Of course, another way in which jeans are damaged involves low-quality denim. Denim itself is highly durable and able to withstand constant wear. However, this doesn’t necessarily mean that it’s indestructible. On the contrary, some manufacturers use low-quality denim to cut corners and save money. These jeans are ultimately more prone to damage due to this flaw. So if you want your jeans to last, it’s best to choose high-quality denim over its low-quality counterpart. You can shop through one of the largest selections of high-quality denim jeans at unbeatable prices by clicking here.

Dragging Bottom on Floor

I think we’ve all been guilty of this at some point: allowing the bottom of your jeans to drag on the floor. Even if they are made of the highest quality denim on the planet, this will ultimately degrade and damage your jeans. This isn’t something that happens overnight. Rather, it takes several times before you’ll notice any visible damage done to your jeans. Nonetheless, you should err on the side of caution by never allowing your jeans to drag on the floor. If you are wearing sandals or flip-flops, choose a pair of jeans that do not extend past your ankles. And if you don’t have any jeans that fall under this category, roll up the bottom so they don’t reach the ground. The bottom line is that you have to keep the bottom of your jeans off the ground to prevent damage.
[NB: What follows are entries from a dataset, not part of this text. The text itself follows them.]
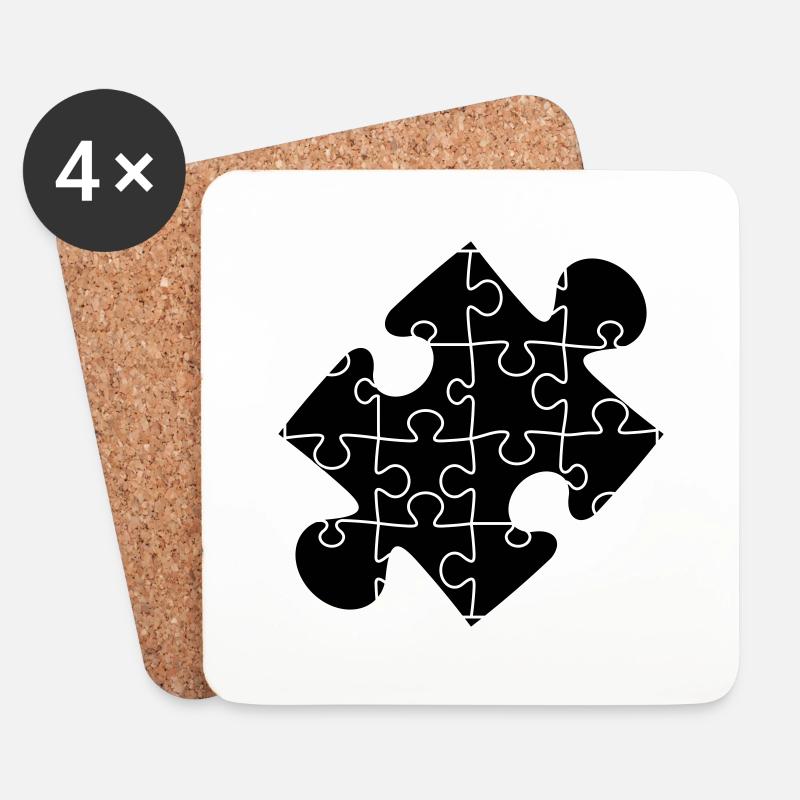 muster puzzlestueck puzzle teil puzzlespiel puzzle - Untersetzer (4er-Set) - Weiß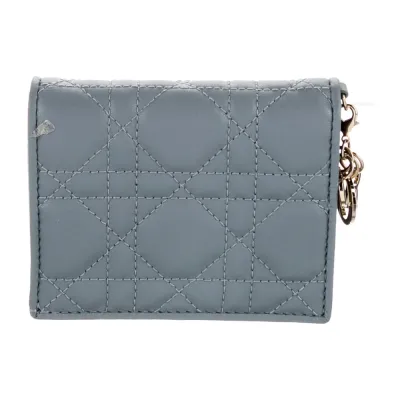 Dior Small Wallet Blue Cannage Pattern Leather Gold Hardware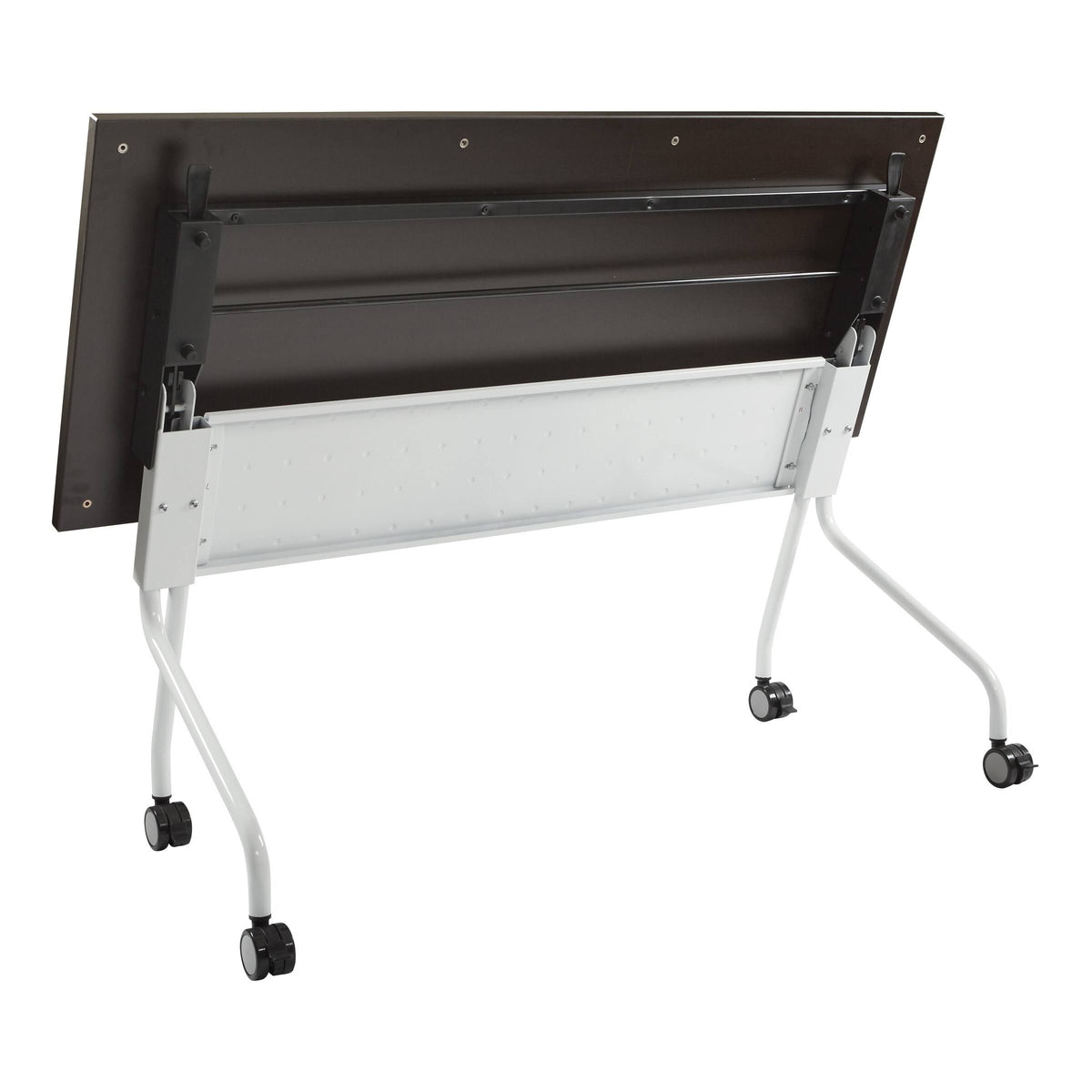 Espresso Flip-Top Training Table 60 x 24 with White Frame Y2731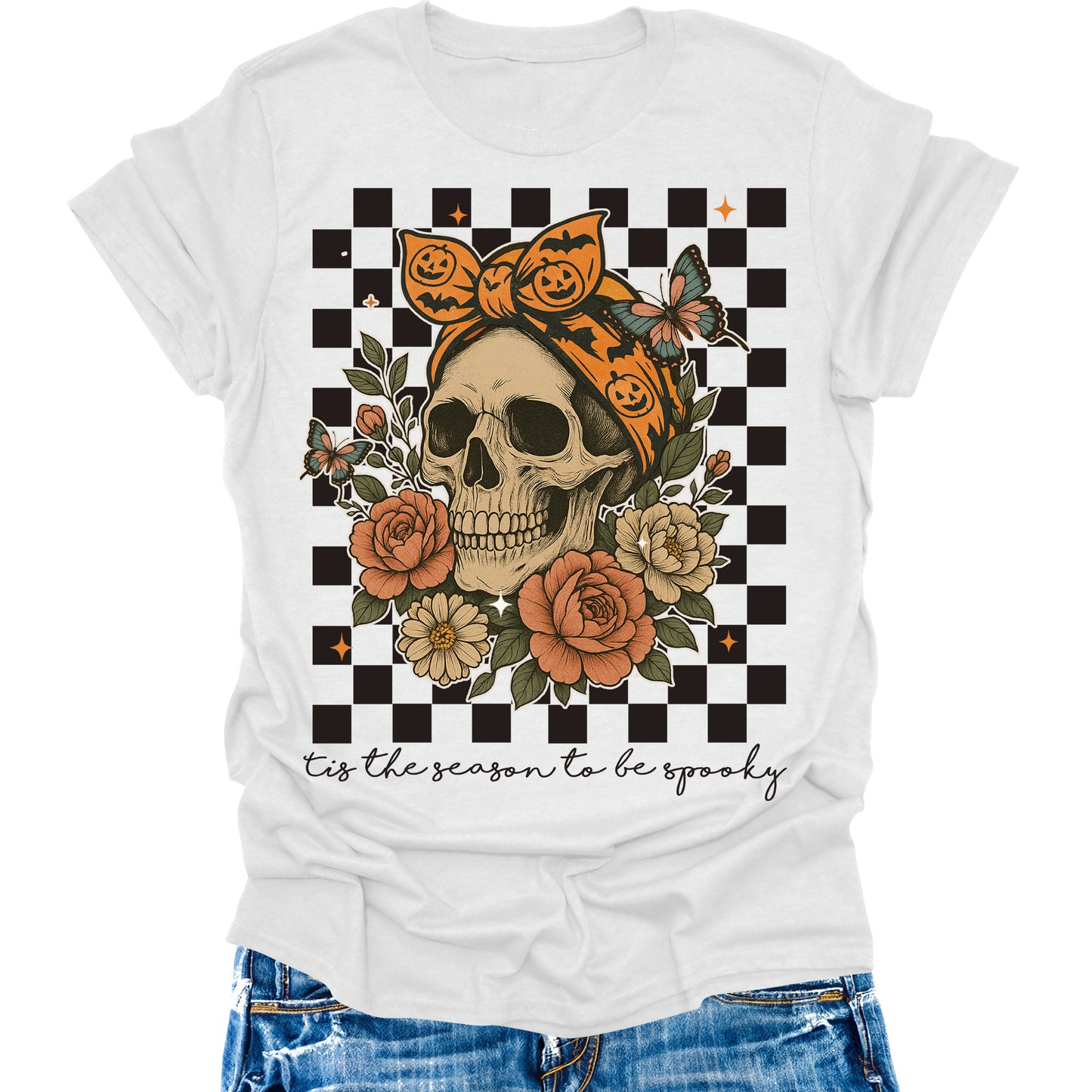 Halloween Skeleton Shirts Womens Fall T-Shirts Cute Autumn Graphic Tees Thanksgiving Tops - Halloween 64000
We can’t talk about the common ways in which jeans are damaged without mentioning stains. Maybe you accidentally spilled your morning coffee, or perhaps you fell into a puddle while walking to your car. Regardless, stains are bound to happen — and that’s okay. The key thing to remember is that you can clean and remove most stains, assuming they are still fresh. The longer a stain has sat on your jeans, the harder it will be to remove. This is why you should clean stains on your jeans as soon as you see them. So, what’s the best way to clean a stain on denim jeans? Always check the care label beforehand, although you can typically spot clean stains using just a small amount of liquid laundry detergent. Simply pour a very small amount of detergent directly on the stain, and then gently rub and blot the area using a clean washcloth. This should make easy work of minor-to-moderate stains, leaving you with a clean pair of jeans afterwards.

Wrong Size

You might be surprised to learn that wearing jeans that are either too big or too small can lead to damage. When jeans are too small, you could stress the fabric, potentially causing it to break in certain areas. On the other hand, oversized jeans are also prone to damage, as the excess, baggy fabric may drag on the ground (like we mentioned earlier). To prevent this from happening, only wear jeans that are properly fitted for your body. If they are too small or too big, choose a different pair.